Given these concerns, I can see all sorts of disasters befalling the revised network of CCGs, including (for example) the possibility that they set up contracts that take up all their budget, only to find their area massively underserved with health services but no funds left to purchase more. What are they going to do then? How is the government determining how much money each CCG needs, and how can they be sure they have gotten it right? Does the government have any fallback position or plan B if over the first few years of the system the CCGs massively cock-up their purchasing decisions?

On the face of it the reforms appear to consist of a poorly-structured semi-marketization, to be managed by inexperienced and new organizations that have been given arbitrary budgets in an environment with very limited centralized guidance, to purchase services in a marketplace where even the experts are uncertain about how to define value for money or quality of service provision, but with an extremely limited set of real market mechanisms as an alternative way of providing pricing signals. It’s like a healthcare Frankenmarket. How can this story possibly end well? I predict we’ll know before the next election, and I suspect that the results of this grand experiment are going to form the obituary for this government.

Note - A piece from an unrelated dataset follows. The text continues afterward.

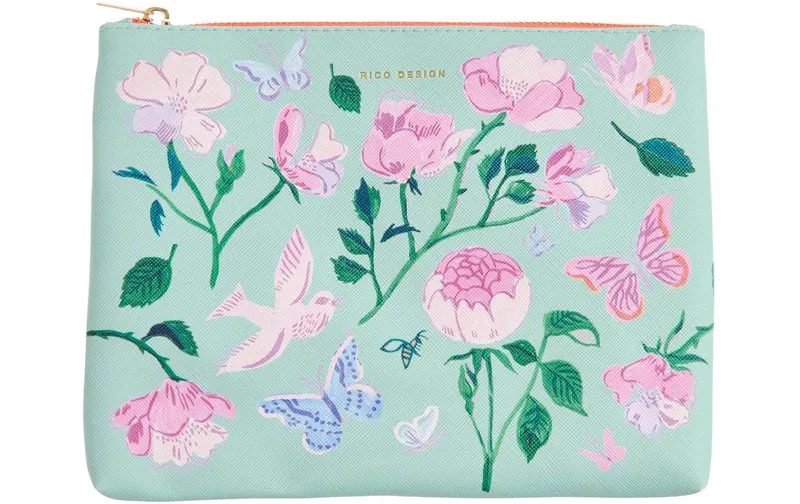 Rico Design Etui La Vie en Rose 20 x 15 cm, Rosa/Türkis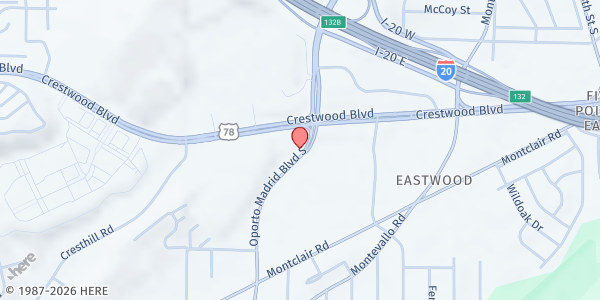 Map showing Word of Faith/Project Noah at 5326 South Oporto-Madrid Blvd, Birmingham, AL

fn1: well, theoretically you can – lots of governments have built health policy on “efficiency savings.” Practically, however, health systems improve by spending more to gain more, rather than spending less to gain the same.

fn2: I provide no citation for this because I can’t be bothered looking, but really this shouldn’t require a citation, it’s the factual equivalent of saying “the sun rises in the morning.”[3]

fn3: I know I know.

fn4: I don’t maintain here that these systems are necessarily the best, simply that they are a strict guideline and they do roughly seem to work.